[Mesa-dev] [PATCH 1/5] clover/memory: Copy data when creating buffers with CL_MEM_USE_HOST_PTR

Aaron Watry awatry at gmail.com
Thu Aug 3 19:33:21 UTC 2017


On Thu, Aug 3, 2017 at 11:53 AM, Jan Vesely <jan.vesely at rutgers.edu> wrote:
> On Thu, 2017-08-03 at 00:28 -0500, Aaron Watry wrote:
>> /
>>
>> On Sat, Jul 22, 2017 at 2:27 PM, Jan Vesely <jan.vesely at rutgers.edu> wrote:
>> > On Fri, 2017-07-21 at 23:19 -0500, Aaron Watry wrote:
>> > > Fixes: OpenCL CTS test/conformance/buffers/buffer_copy
>> >
>> > Similar patch was pushed in 2013:
>> > 56647c5d8f8e60269f0a3277e3caa7ee57d1fe6a
>> > "clover: Append buffers that use CL_MEM_USE_HOST_PTR."
>> >
>> > Grigory(added to cc) reverted the change and implemented user_ptr
>> > mechanism in:
>> > f972b223c4cb4ec58a9451cbac5d120ac9deb336
>> > "clover: try userptr for CL_MEM_USE_HOST_PTR"
>> >
>> > The buffer-flags piglit still passes, but it maps even CL_USE_HOST_PTR
>> > buffers. I'm not sure what the CTS does, we might need a
>> > synchronization point after kernels finish execution. I couldn't find
>> > the relevant part of specs that would define accessing
>> > CL_MEM_USE_HOST_PTR buffers without
>> > clEnqueueMapBuffer or clEnqueueReadBuffer
>> >
>>
>> I got rid of this patch in my tree and then started digging into the
>> user_ptr stuff.
>>
>> It looks like the issue stems from alignment restrictions.
>>
>> In clover/core/resource.cpp, there's a call to:
>>   dev.pipe->resource_from_user_memory(dev.pipe, &info, obj.host_ptr())
>>
>> That is failing for me.
>>
>> The CTS allocates memory that is aligned to the value returned by
>> clGetDeviceInfo (device,CL_DEVICE_MEM_BASE_ADDR_ALIGN, ...) converted
>> to bytes.
>>
>> Clover's api/device.cpp  has that hard-coded to 1024 bits/128 bytes at
>> the moment.
>>
>> If I change the device info query for the mem_base_addr_align to
>> forward a call to:
>>   pipe->get_param(pipe, PIPE_CAP_MIN_MAP_BUFFER_ALIGNMENT)
>
> I'd say we should be doing this anyway instead of hardcoding the value.

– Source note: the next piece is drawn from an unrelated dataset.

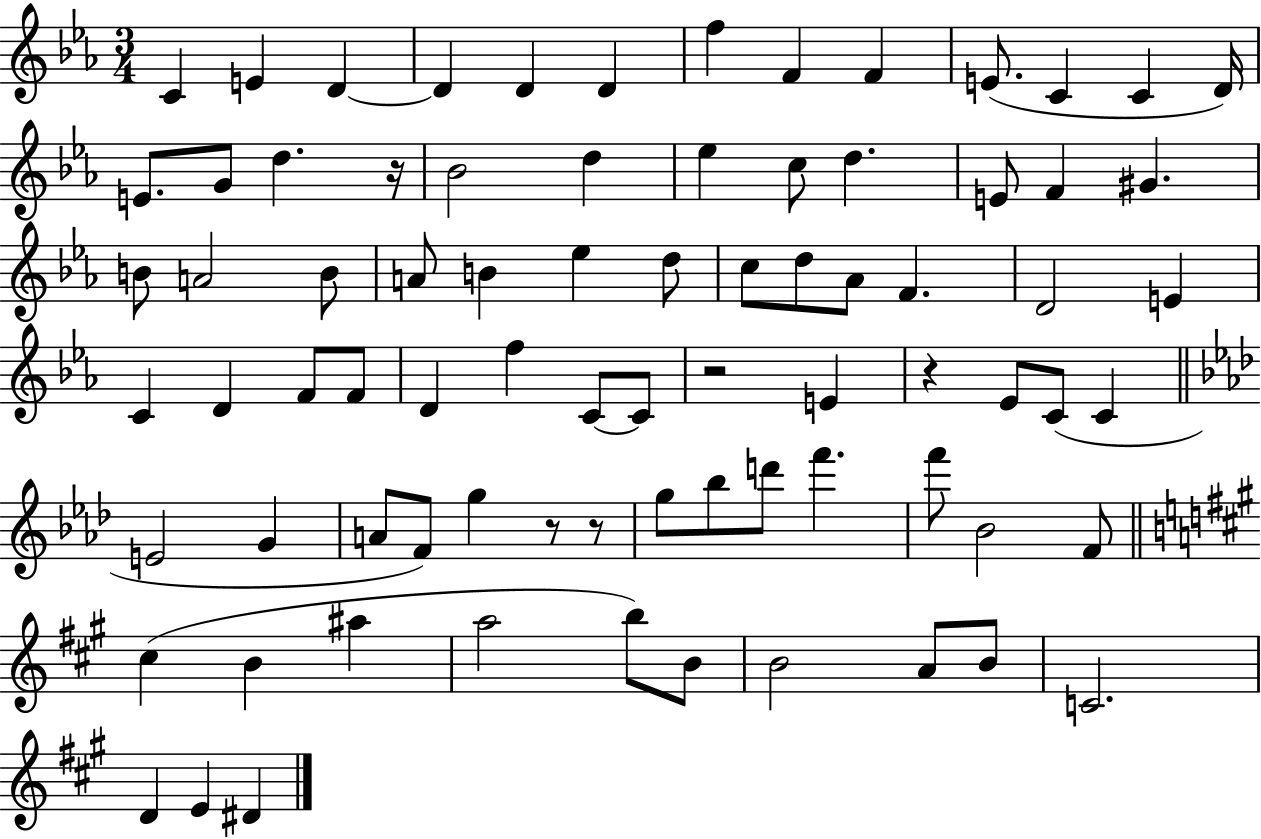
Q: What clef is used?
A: treble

Completely agree.  Hard-coding a constant minimum alignment at the API
level is wrong. Once we figure out exactly how do derive that value, I
plan on writing up a patch to pull that value out of the pipe driver.

Cc'ing Christian since he added both the user_ptr support and the
large PTE support.

As far as I've looked (which hasn't necessarily been exhaustive), I
haven't found any other
pipe caps that look like they'd apply for minimum user_ptr buffer
alignment restrictions, but
at the same time the description of that cap doesn't seem perfectly applicable.

Do we need to introduce a new cap for minimum user_ptr buffer
alignment, or is the value of PIPE_CAP_MIN_MAP_BUFFER_ALIGNMENT
sub-optimal/wrong? I'm thinking it's correct as-is, and we might want
to consider a new cap which reports the proper user pointer alignment
when PIPE_CAP_RESOURCE_FROM_USER_MEMORY is supported.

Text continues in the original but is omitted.